Franchisor Incentive Program Claims – RV Dealers
Pursuant to Vehicle Code section 3076, all claims made by a recreational vehicle franchisee for payment under the terms of a franchisor incentive program shall be approved or disapproved within 30 days from the date of receipt of the claim by the franchisor.
Vehicle Code sections 3076(a) requires a franchisor who denies payment under the terms of a franchisor incentive program, to notify the franchisee within 30 days and provide specific grounds upon which the disapproval was based.
Approval/Disapproval of Payments
Any claim not specifically disapproved in writing within 30 days shall be deemed approved on the 30th day. If incentive program compensation claims are approved, they must be paid within 30 days of approval (Veh. Code § 3076(a)). The failure to approve or pay within the above specified time limits, in individual instances beyond the reasonable control of the franchisor, subject to proof, do not constitute a violation of this article [Article 5 RV protests].
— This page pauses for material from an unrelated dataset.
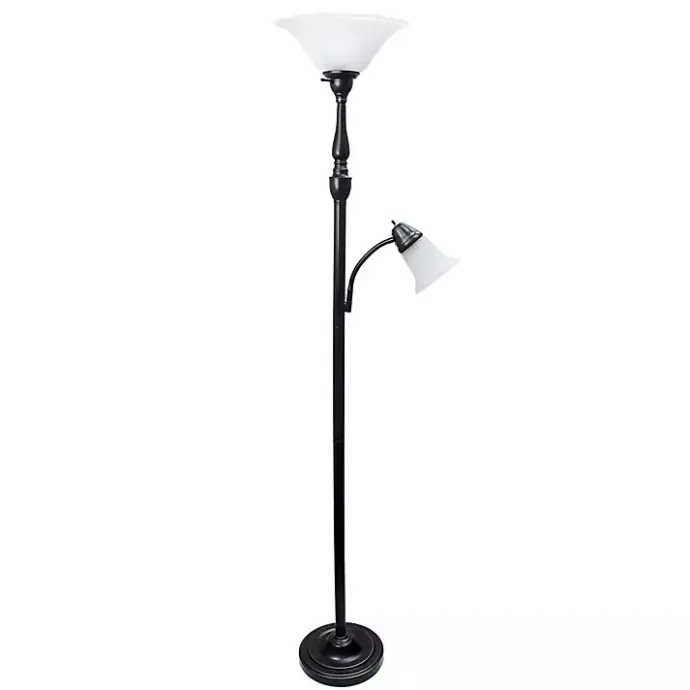 Sale Kirklands Home Matte Bronze and White Reading Arm Torchiere Brown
Audits of Franchisee Incentive Program
Vehicle Code section 3076(b) allow for a franchisor to audit franchisee incentive program records. Such audits must be reasonable and are allowed for a period of 18 months after a claim is paid or a credit issued. Any chargeback to a franchisee for incentive program compensation shall be made within 90 days of completion of the audit.
If it can be shown that a false claim was submitted by the franchisee with the intent to defraud the franchisor, a longer period for the audit and any resulting chargeback may be permitted if the franchisor obtains an order from the Board.
How to File a Protest
The following are guidelines to consider when filing a protest, however, the applicable Vehicle Code sections (3000 et seq.) and regulations (13 CCR § 550 et seq.) should be consulted as well. The Board's legal staff is also available to provide information concerning the procedural aspects of filing a protest. The staff can be contacted at (916) 445-1888. PLEASE NOTE: THE BOARD'S STAFF IS NOT PERMITTED TO PROVIDE LEGAL ADVICE CONCERNING THE MERITS OF A PARTICULAR MATTER.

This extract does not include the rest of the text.